Adelina's gaze drifted to the nightstand. No flowers. No cards. Just a glass of water with a film on top and a single piece of paper, crumpled from a thousand desperate readings. The infertility report. The two words that had been her death sentence long before the cancer.
Her fingers, thin as bird talons, reached for the paper. The texture was soft, worn down by the sweat and tears of her shame.
A sound in the hallway. Footsteps.
Her breath hitched. A surge of something hot and impossible flooded her chest. Garret.

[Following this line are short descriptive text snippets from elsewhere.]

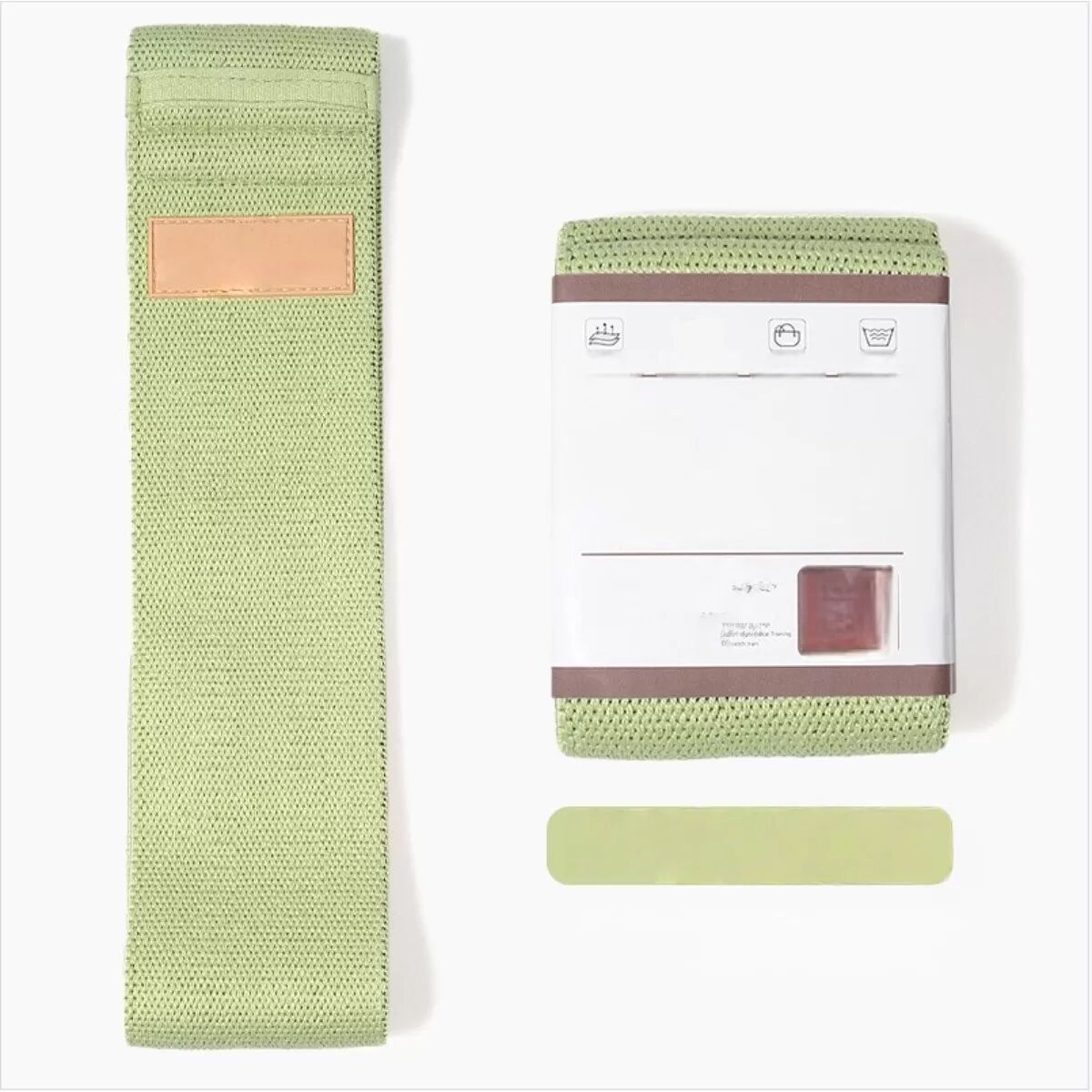 INF Gestricktes Gesäß-Widerstandsband 90lb – Polyester + Latex Nicht-Rutschende Breite Hüftschlaufe für Booty-Workouts, Yoga & Grün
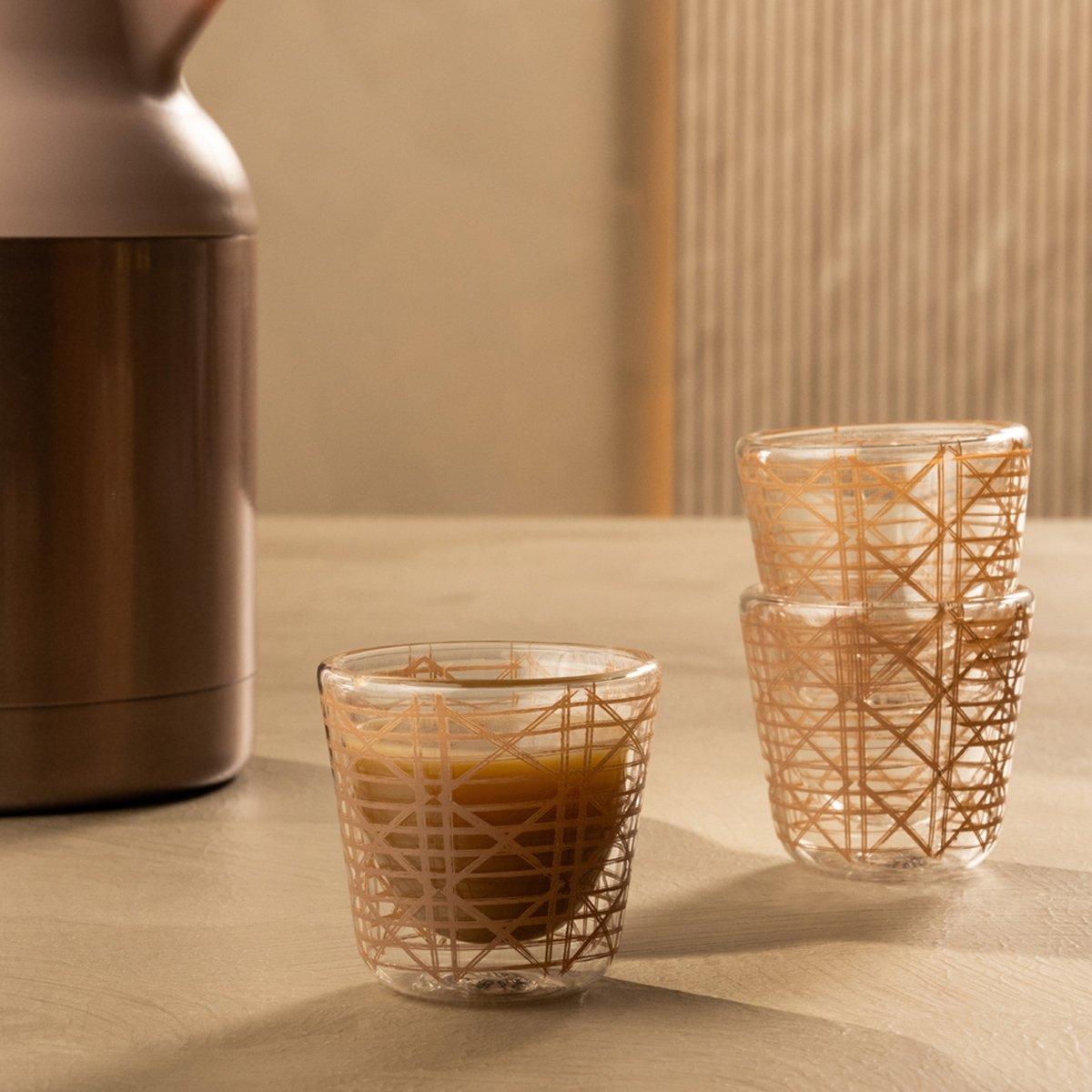 

Cane double wall gahwa cup set of 6pcs taupe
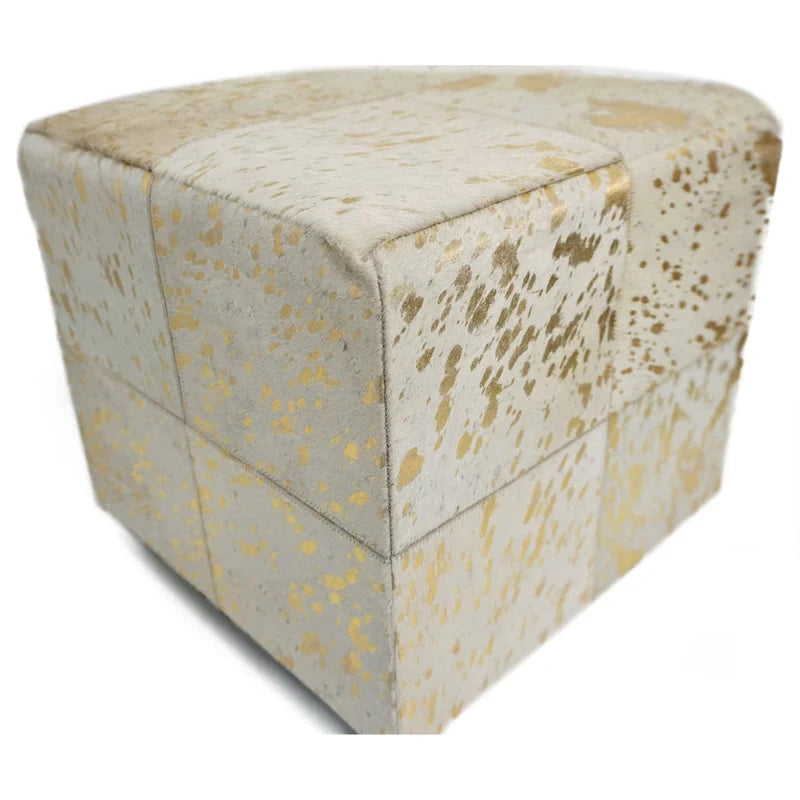Home&Manor pouf cube carré en cuir doré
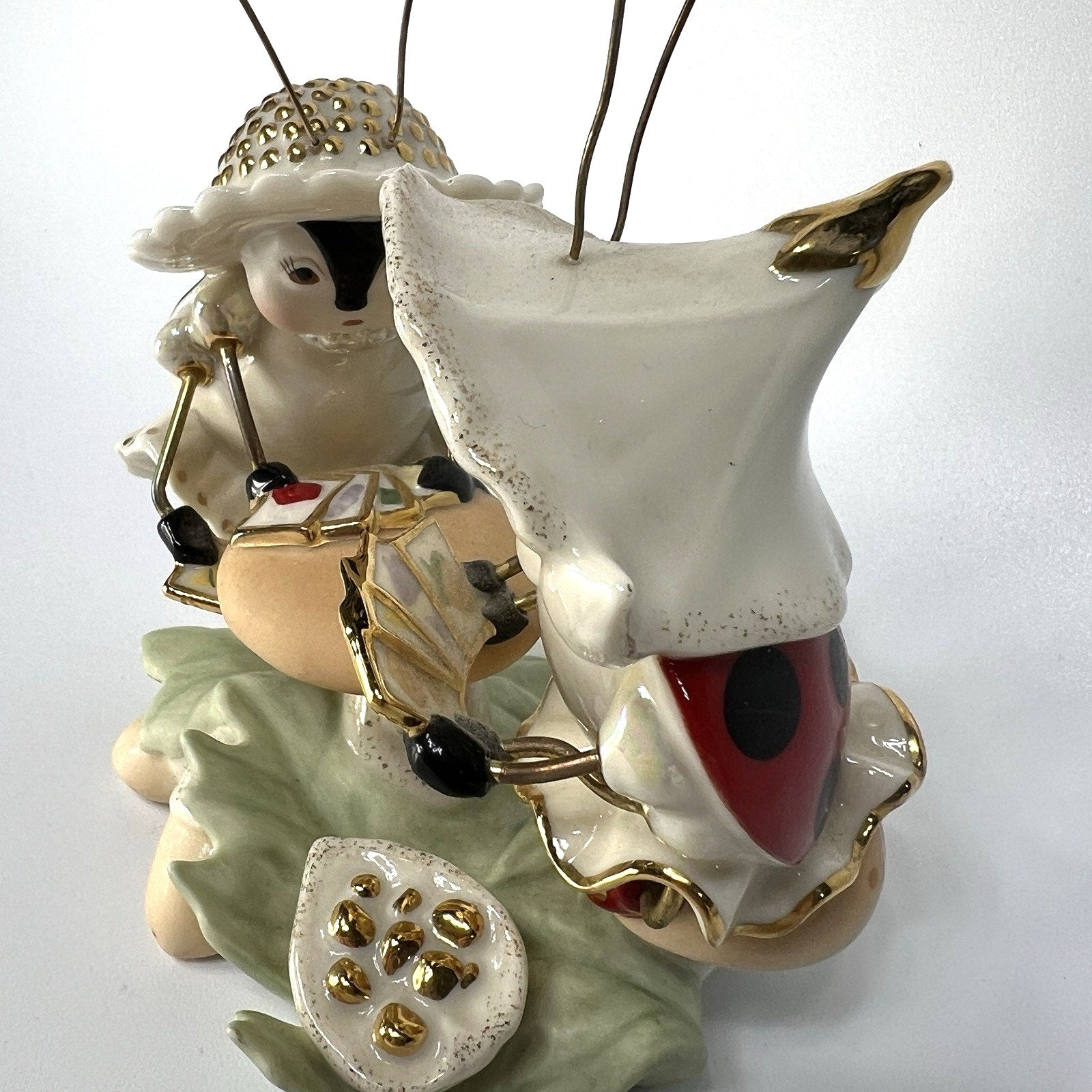 Lenox Treasures Lucky Ladybugs Playing Cards Garden Figurine Mushroom 5"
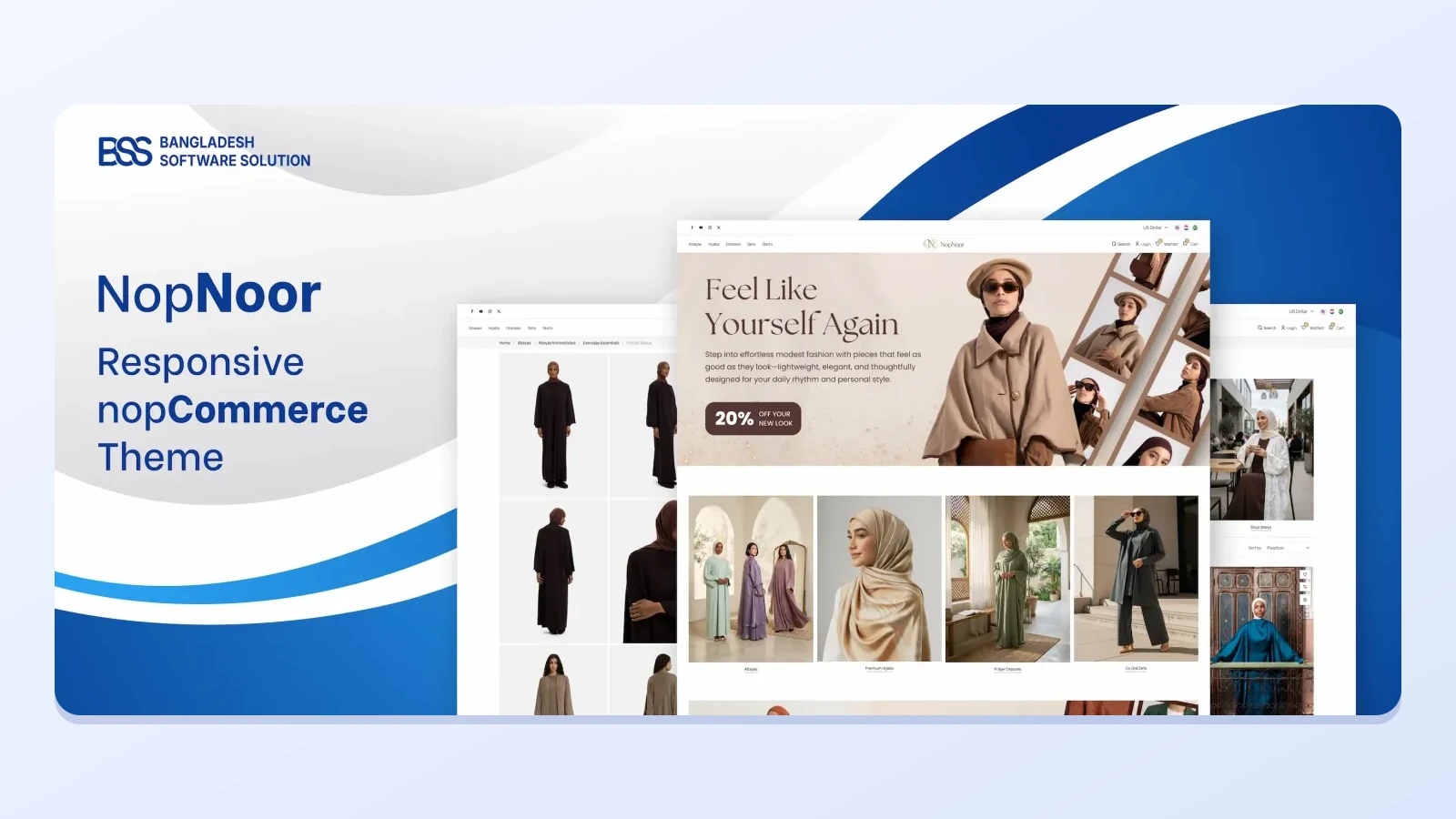 NopNoor responsive nopCommerce theme: a fashion home page with a hero banner and a row of product images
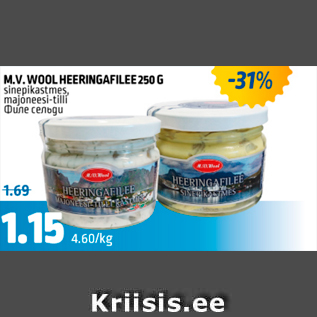 Allahindlus - M.V. WOOL HEERINGAFILEE 250 G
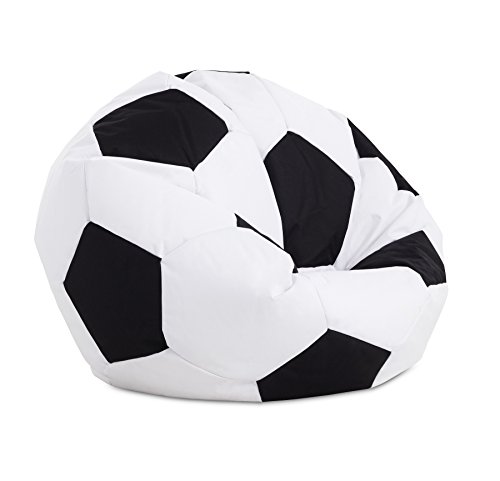 Textilhome &ndash; Puff Pelota de F&uacute;tbol 90 cm | Puf Gigante Infantil y Juvenil, Moldeable con Relleno...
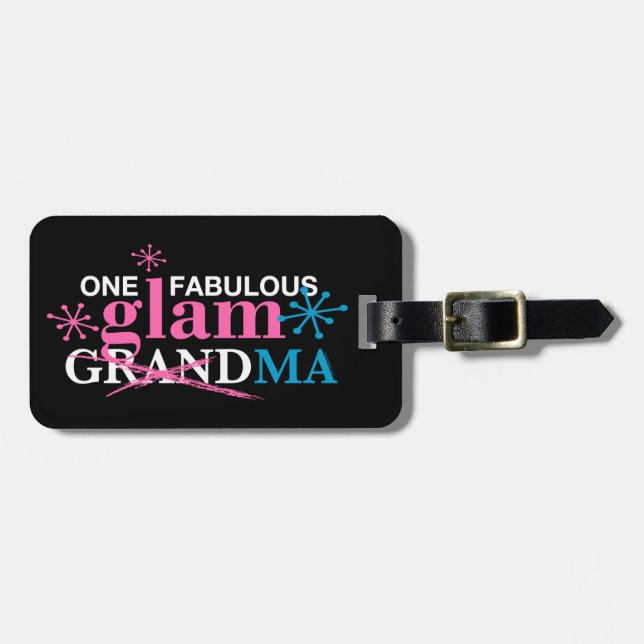 Glam Grandma Luggage Tag (Front Horizontal)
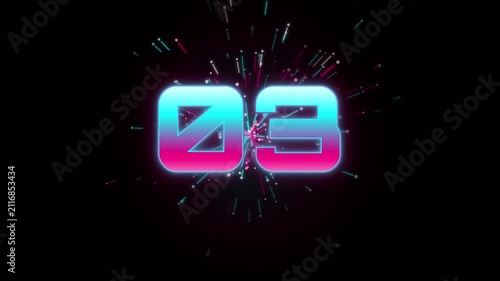Neon glow countdown from 5 to 1 with light particles. 4K Video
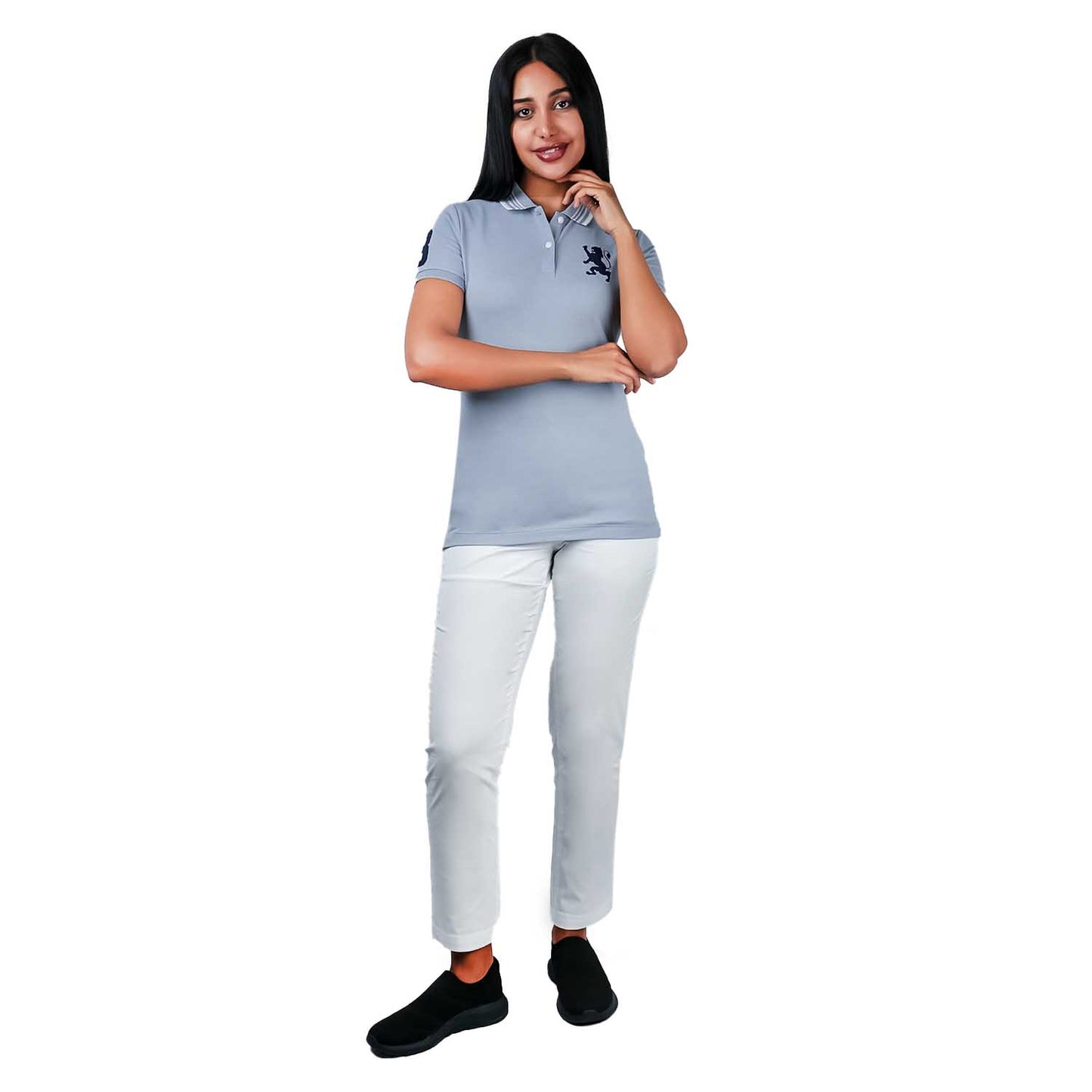 Women's Cotton Lycra 3D Lion Embroidery Polo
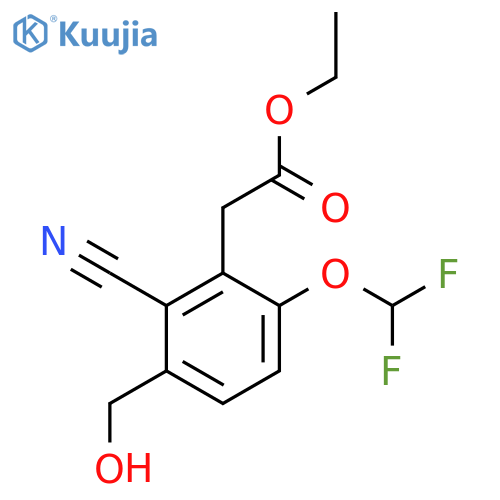 Ethyl 2-cyano-6-difluoromethoxy-3-(hydroxymethyl)phenylacetate structure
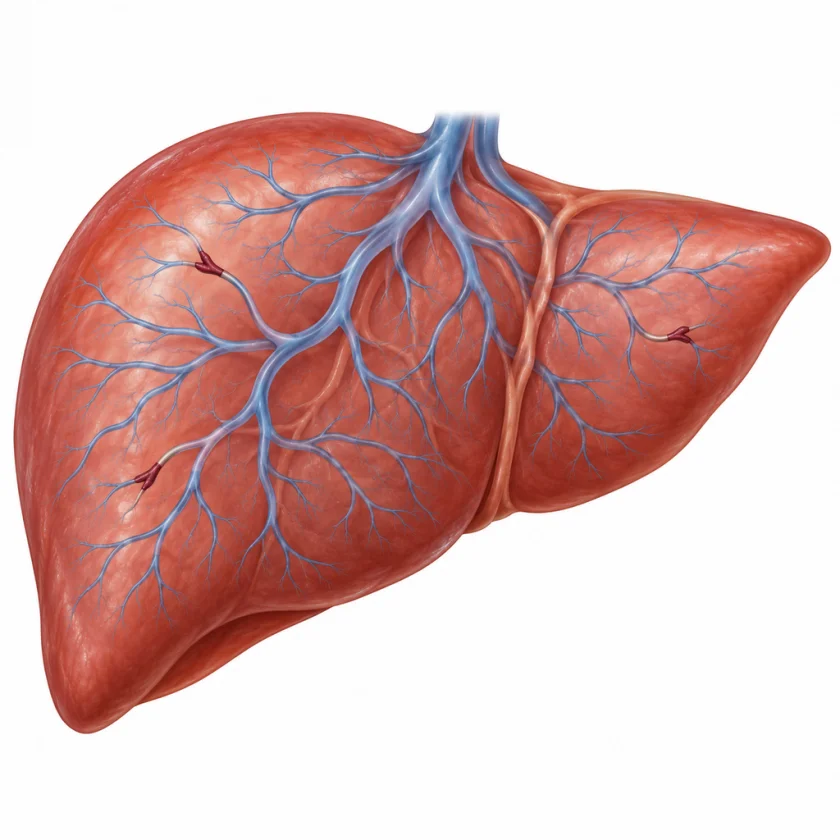Illustration of a liver with narrowed and blocked small hepatic veins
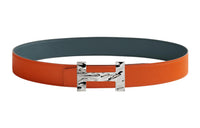 HERMES Quizz H2O Silver Buckle Epsom Calfskin Double-Sided Leather Belt Men's Orange/Hurricane Blue Width: 3.8cm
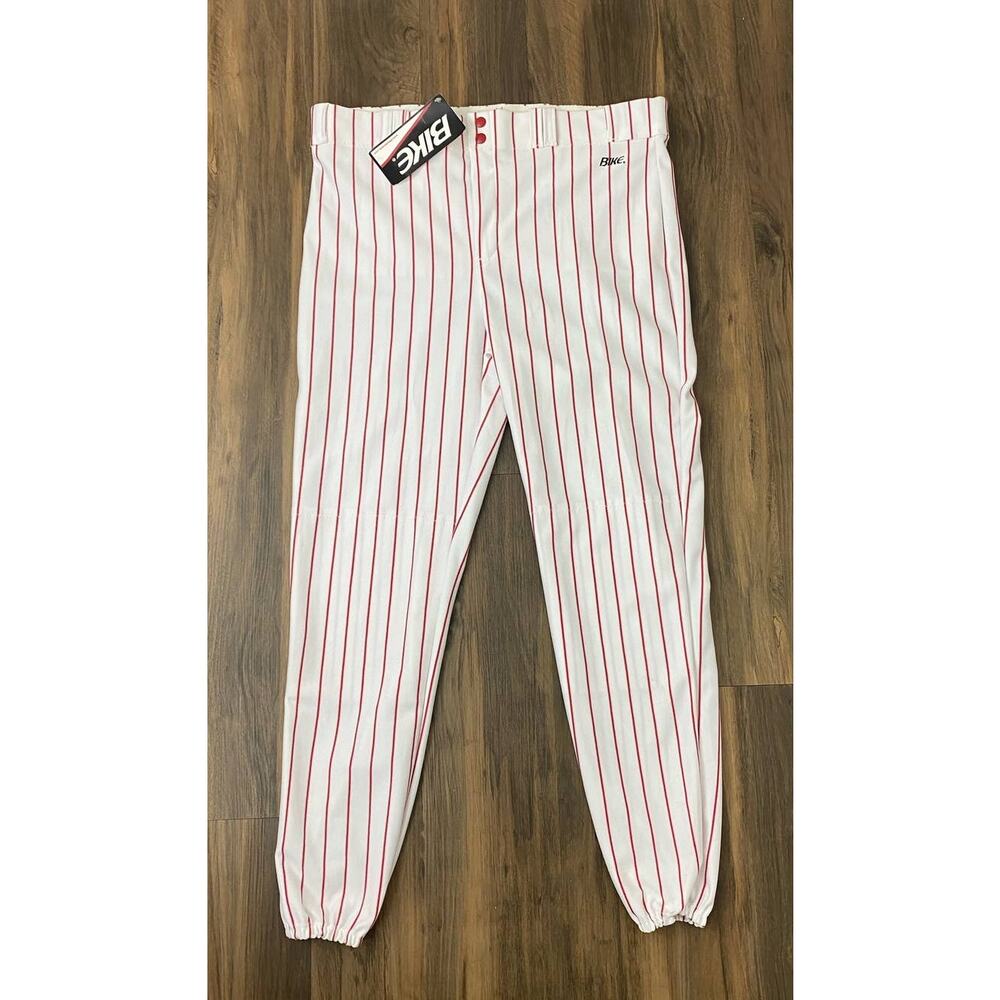 VTG RETRO NEW W/TAGS Bike pinstripe white red baseball pants, XL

She tried to push herself up on her elbows, a pathetic, weak movement. The door swung open.
It wasn't him.
The man who stood in the doorway was a stranger. He was tall, dressed in a dark overcoat that seemed to absorb the weak light of the room. His face was all sharp angles and shadows, his jaw set like stone. He looked like he belonged in a storm, not a hospital room.
His eyes, a cold, clear gray, swept over the barren room, lingering for a second on the empty visitor's chair before landing on her. The line of his mouth tightened.
He walked toward the bed, his steps silent and deliberate. Up close, she saw the exhaustion etched around his eyes. A deep, profound pain that mirrored her own, but for reasons she couldn't guess. It wasn't pity. It was something closer to self-reproach.
His voice was low, rough, like stones grinding together. "I'm Dr. Douglass Ward. Beryl Terry's ex-fiancé."
Adelina's world tilted. Beryl. Her adoptive sister. The woman who had taken her fiancé, Garret. The woman who had gotten pregnant when Adelina couldn't.
Douglass reached inside his coat and pulled out a manila envelope. He held it with a kind of rigid control, as if it might burst into flames.
"There are some things you should know," he said, his voice flat. "Before the end."
He placed the envelope on the thin blanket covering her legs. Her hands shook as she fumbled with the clasp. Inside was a single sheet of paper. A medical report.
But the name at the top wasn't Adelina Bell.
It was Garret Stein.
Douglass's next words felt like icepicks driving into her ears. "Garret Stein's sperm viability is zero. It always has been. He's incapable of fathering a child."
The air left her lungs. The beeping of the heart monitor seemed to fade into a dull hum. She couldn't form a thought. Her lips moved, but no sound came out.
"The baby," Douglass continued, his voice even colder, devoid of any emotion. "The one Beryl is carrying. It isn't his."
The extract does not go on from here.